THE PROBLEM:
Your output should repeat the entries below exactly. It should contain no images.

RECORDS:

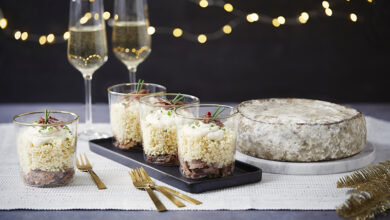 Verrine confit de canard, perles Alpina, Tomme de montagne truffe d’été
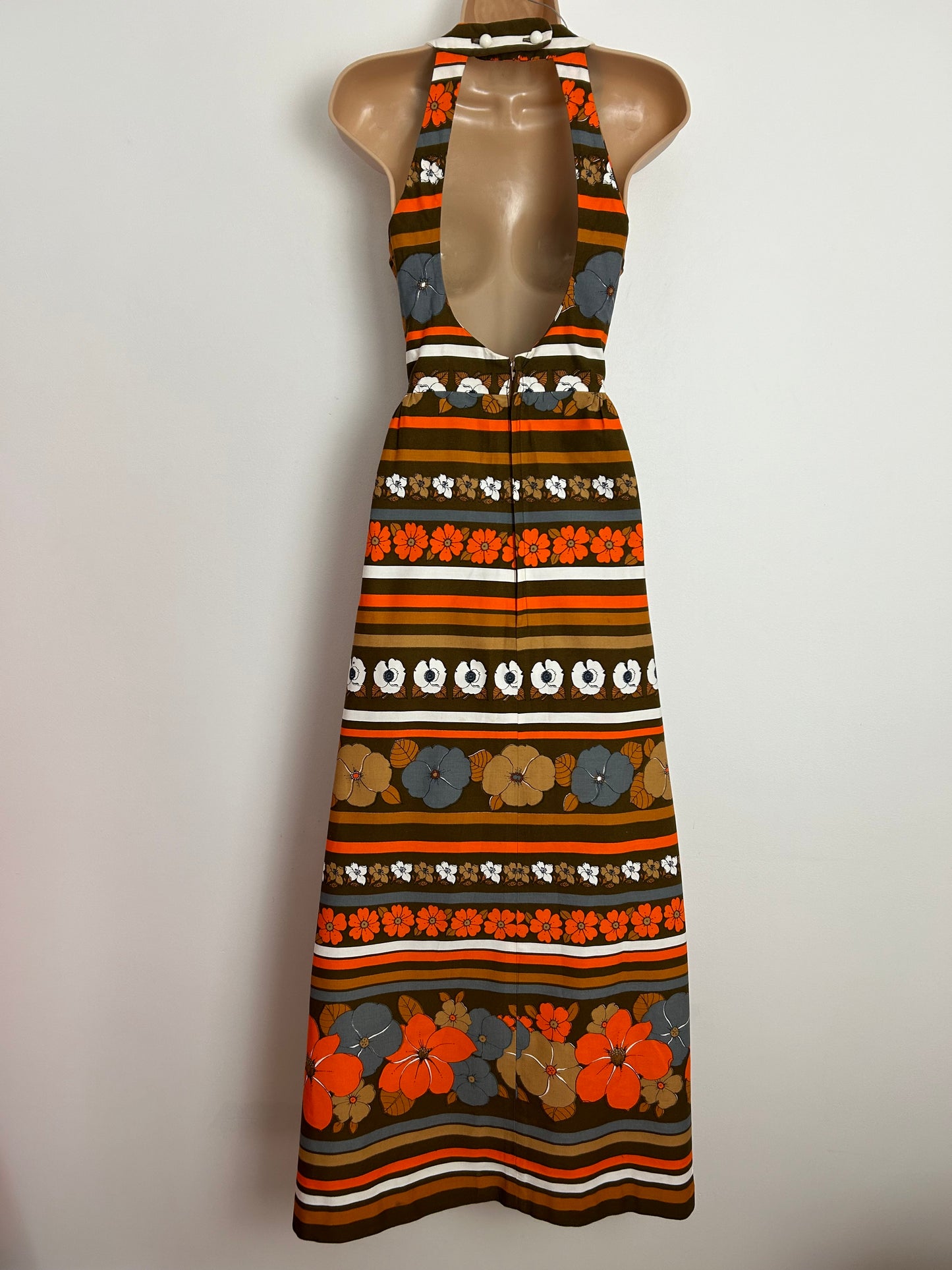 Vintage 1970s UK Size 8 Gorgeous Brown Orange White & Grey Floral & Stripe Print Open Back Cotton Summer Maxi Dress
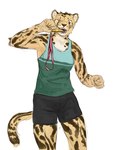 anthro athletic athletic_anthro athletic_female biped bite biting_object bottomwear breasts clothed clothing female fur gold_(metal) gold_medal holding_object medal one_eye_closed shirt shorts simple_background slim small_breasts solo standing striped_body stripes tail tank_top topwear white_background wink yellow_body yellow_fur cettus elaina_(chonkcatcentral) cheetah felid feline king_cheetah mammal 2022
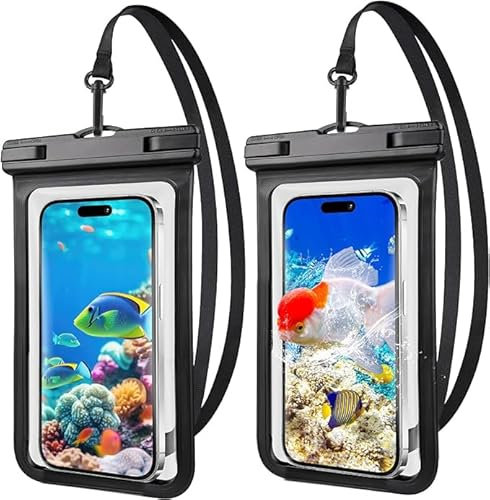 Magwave wasserdichte Handyhülle, wasserdichte Tasche, Wasserdichter Beutel, Wasserfeste Tasche Bauchtasche Wasserdicht für Wassersport, Strand, Schwimmen, Bootsfahrten usw (2 Schwarz)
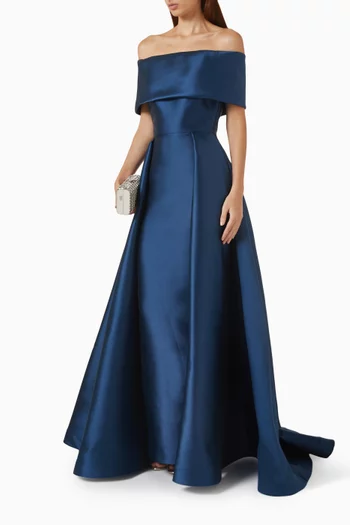 Off-shoulder Gown in Satin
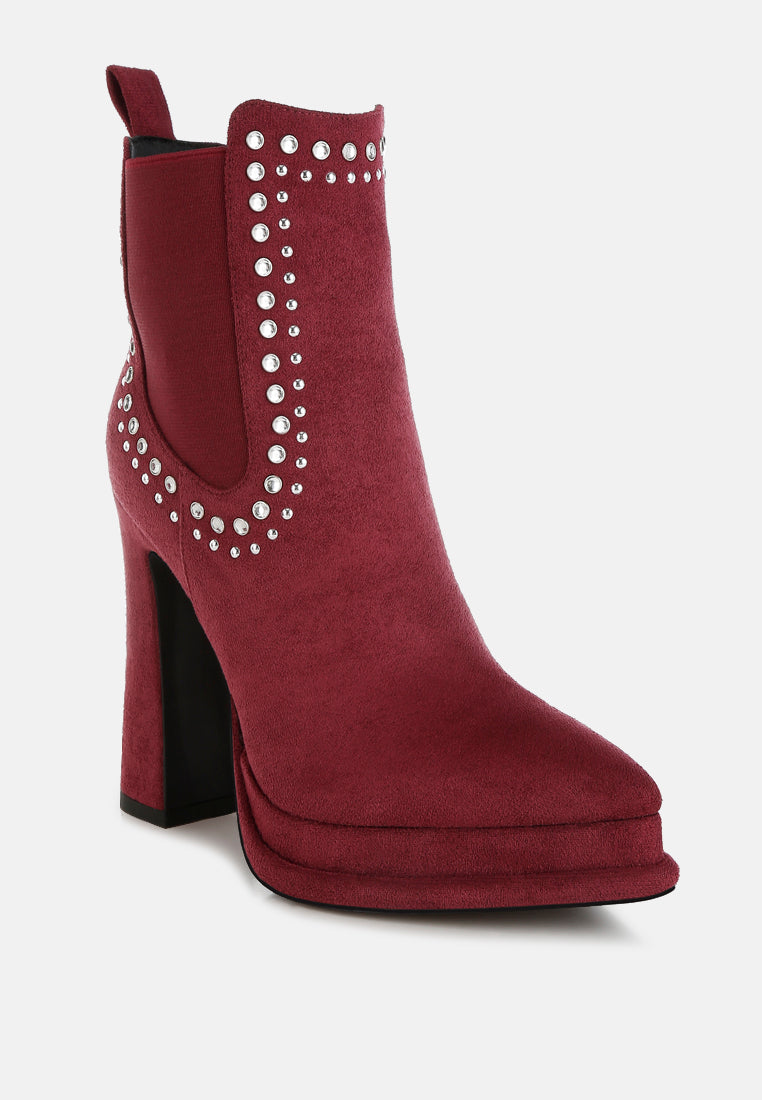 studs embellished high ankle boots by ruw#color_burgundy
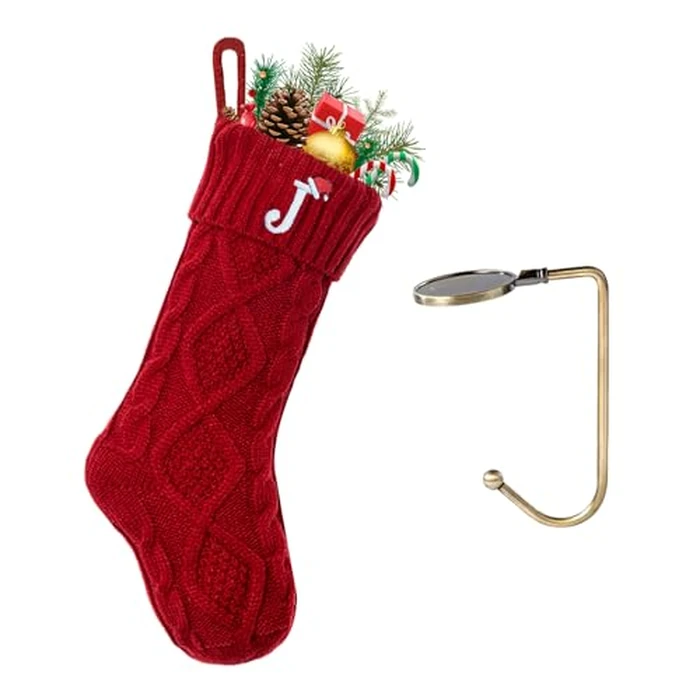 VRFASHION Christmas Stockings with Initials, Letter J Embroidered Xmas Stockings, 18" Large Monogram Knitted Xmas Stocking, Christmas Party Fireplace Family Hanging Stocking Decorations(1 Pack, Red) by VRFASHION - Image 1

RESULT OF THE EXERCISE:
 Verrine confit de canard, perles Alpina, Tomme de montagne truffe d’été
 Vintage 1970s UK Size 8 Gorgeous Brown Orange White & Grey Floral & Stripe Print Open Back Cotton Summer Maxi Dress
 anthro athletic athletic_anthro athletic_female biped bite biting_object bottomwear breasts clothed clothing female fur gold_(metal) gold_medal holding_object medal one_eye_closed shirt shorts simple_background slim small_breasts solo standing striped_body stripes tail tank_top topwear white_background wink yellow_body yellow_fur cettus elaina_(chonkcatcentral) cheetah felid feline king_cheetah mammal 2022
 Magwave wasserdichte Handyhülle, wasserdichte Tasche, Wasserdichter Beutel, Wasserfeste Tasche Bauchtasche Wasserdicht für Wassersport, Strand, Schwimmen, Bootsfahrten usw (2 Schwarz)
 Off-shoulder Gown in Satin
 studs embellished high ankle boots by ruw#color_burgundy
 VRFASHION Christmas Stockings with Initials, Letter J Embroidered Xmas Stockings, 18" Large Monogram Knitted Xmas Stocking, Christmas Party Fireplace Family Hanging Stocking Decorations(1 Pack, Red) by VRFASHION - Image 1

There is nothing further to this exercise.